Album Title: Invisible Cities
Performer: Nomo
Label: Ubiquity Records
Play Time
: 60'02"
Recorded: 2008


The title track from Nomo's sixth album begins in typical Afrobeat fashion: tight horns illustrate a pungent shape, bass and drums drive circular rhythms, Nomo leader Elliot Bergman snorts a soulful tenor solo. But beneath the standard Afrobeat-isms, almost subliminally, Nomo re-contextualize the song: a luminous electric kalimba swells, distorted guitar clutters the left channel, ripping sounds and chirping crickets erupt from the right. Finally, nothing remains but the gamelan tones of the electric kalimba.

Invisible Cities repeats such clever composites throughout its nine tracks, updating Fela Kuti's innovations with electronics, junk instruments and novel arrangements and ideas.

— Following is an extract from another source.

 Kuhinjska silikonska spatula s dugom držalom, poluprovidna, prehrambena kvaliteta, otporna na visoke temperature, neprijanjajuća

This Ann Arbor-based tentet has been entertaining the Midwest since 2004's Nomo, attracting everyone from college hipsters and crate diggers to Afrobeat purists.


Invisible Cities is the sound of an experienced creative outfit in their prime, combining styles and sources at will rooted in Afrobeat but infused with a wonderfully polyglot approach. Dan Bennett's muted drum patterns roll lazy horns and a skanky sci-fi guitar riff in "Ma" sounding like a deranged Les Baxter complete with female ("la la la") Tiki vocals. "Banners on High" approximates Can and Krautrock, squealing effects and a radiant electric piano coiling over space rock drumming and a cacophonous horn section. "Nocturne" explores five electric kalimbas, a hypnotic vocal chant and a freak electronic solo. "Waiting" is Afrobeat party groove meets free jazz tenor madness. Invisible Cities -- implying impermanence and imagination -- is an apt title for such a beautiful, nearly perfect album.